Começaram por fazer uma lista de todos os nomes de pessoas que tinham convivido
naquele tempo.
Um a um os nomes iam sendo eliminados
quando lembravam da época e localidade de sua morte. Muitos haviam saído dali
para trabalhar em outras fazendas sem nunca voltar nem dar notícia. Outros se haviam
afastado por força de casamento e outros acontecimentos. Sua comunicação ficara
cada vez mais esparsa até sumir da lembrança mais constante.
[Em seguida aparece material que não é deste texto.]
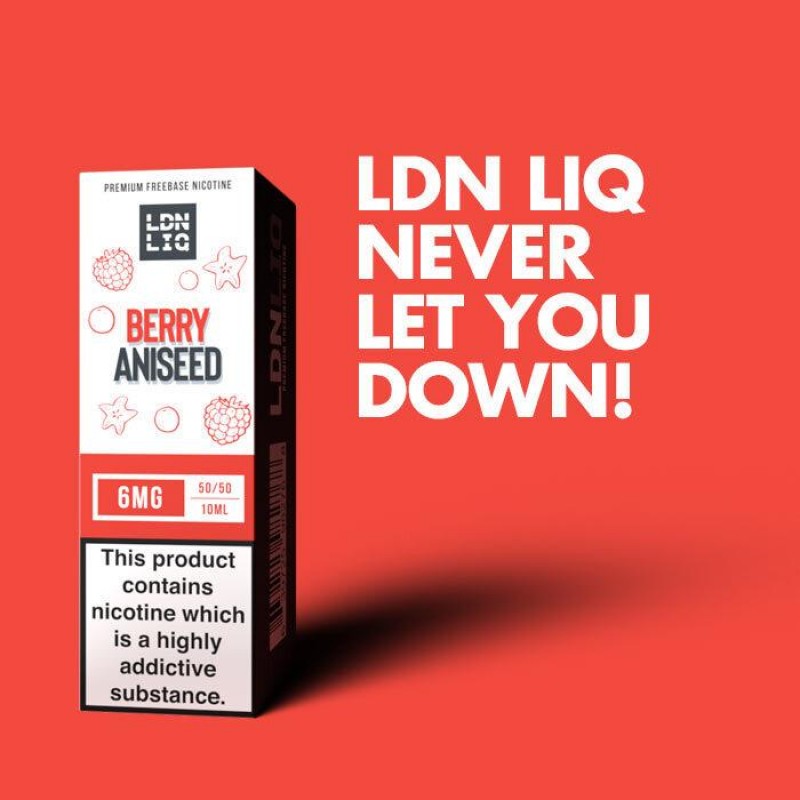 LDN LIQ Berry Aniseed | 10ml E-Liquid | Premium Starter E-liquids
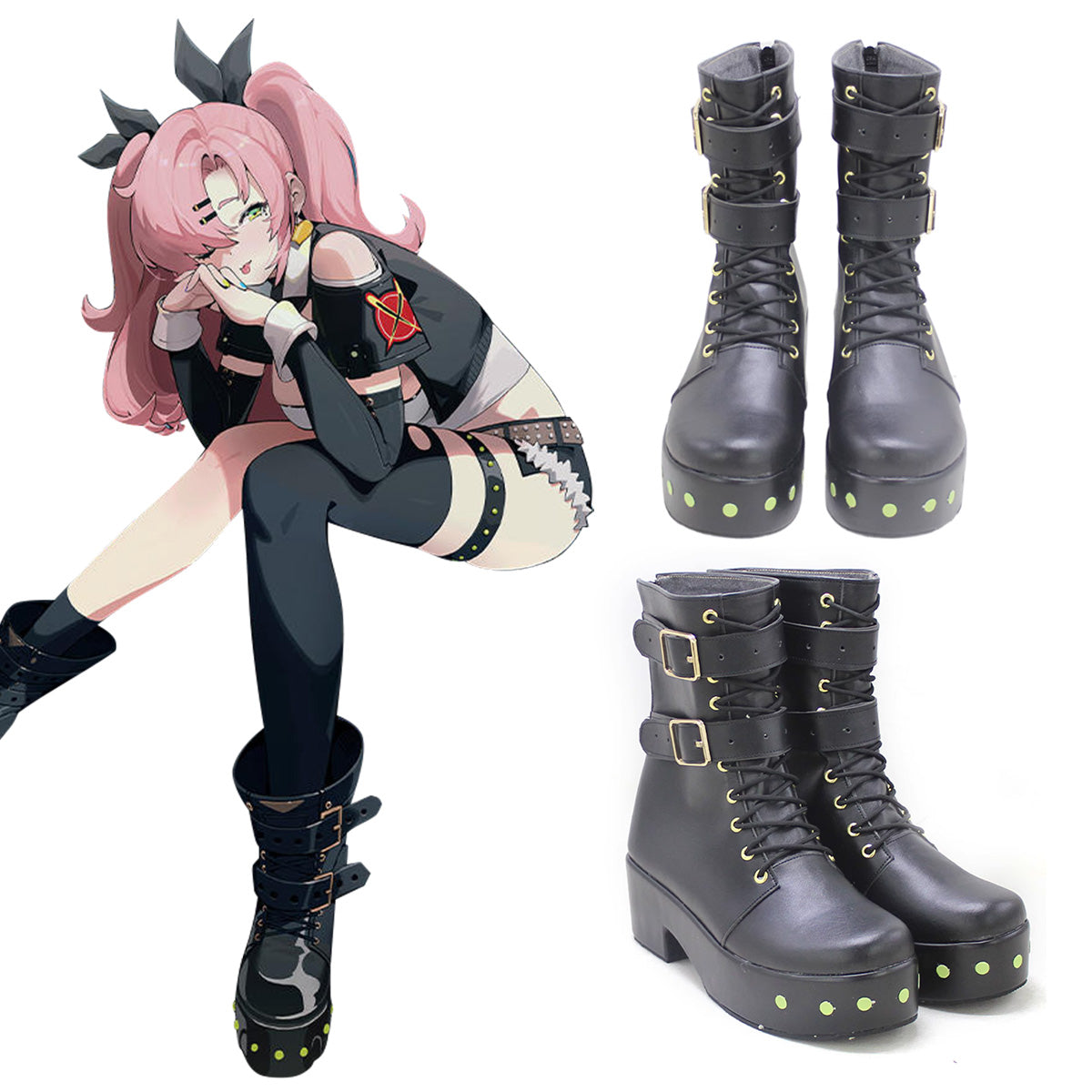 Zenless Zone Zero Cunning Hares Nicole Demara Cosplay Shoes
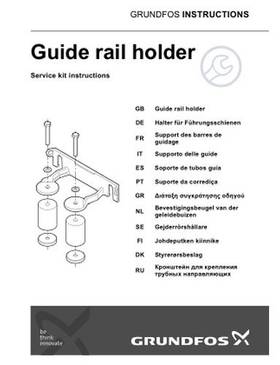 Fitting instruction - guide rail bracket (Service kit instruction)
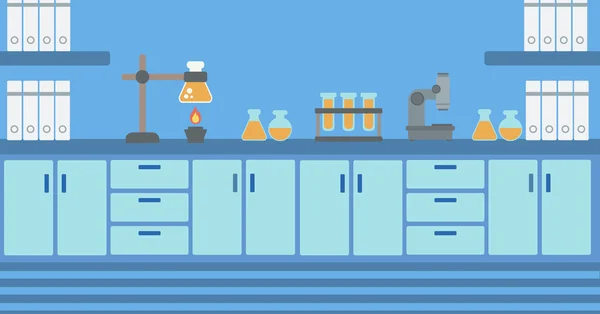 Fondo del interior del laboratorio . — Vector de stock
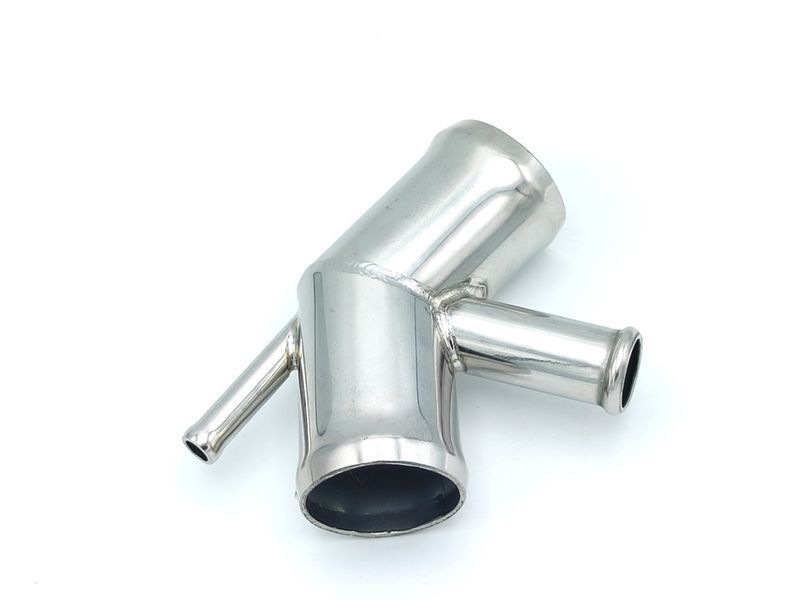 T-piece 1J0121087C for Audi, Seat, Skoda, VW from stainless steel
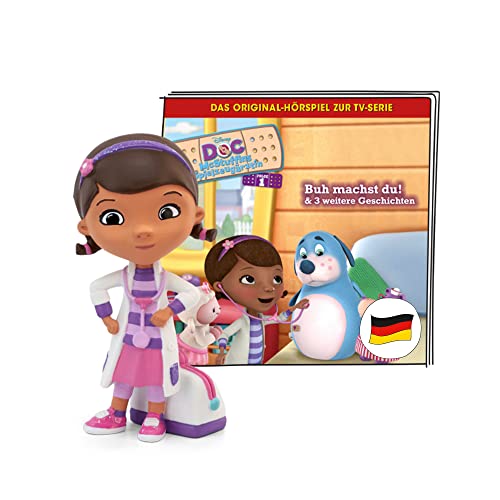 tonies Hörfiguren für Toniebox, Disney Doc McStuffins Spielzeugärztin – Buh Machst du! & 3 weitere Geschichten, Hörspiel für Kinder ab 4 Jahren, Spielzeit ca. 59 Minuten von tonies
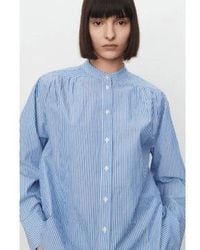 2nd Day - Moss Daily Lines Soft Stripe Shirt 34 - Lyst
Depois de muito
remexer e analisar a lista, acrescentar um ou outro nome antes esquecido,
identificaram dois que poderiam ser encontrados na região. Fazia tempo que não
ouviam deles, mas também não haviam sabido de seu falecimento ou ida para mais
longe. Apenas a agitação do cotidiano, as ocupações diárias, acabaram deixando
essa lembrança relegada a um plano bem distante.
Os últimos paradeiros foram lembrados. Um
deles tinha o nome de Bráulio Barbosa e seu último endereço fora uma rua
próxima ao rio Uruguai na cidade de São Borja. Faltava lembrar o nome certo da
rua. O crescimento da cidade nos últimos anos, novas ruas sendo abertas, outras
modificadas, edifícios sendo contruídos a cada dia, poderiam tê-lo levado a
mudar de endereço. O outro nome era Ernestina Fontes. Ela casara com um tal
Tarcísio Dantas e fora morar numa fazenda a cerca de 50 km dali, onde o marido
era capataz. Certamente ainda estavam por lá. Do contrário alguém saberia dizer
onde se encontrava.
Diante dessa constatação, faltava
encontrar ao menos uma dessas duas pessoas e ver se ela teria condições de
testemunhar. Um bom número de antigos servidores daquele tempo não mais vivia.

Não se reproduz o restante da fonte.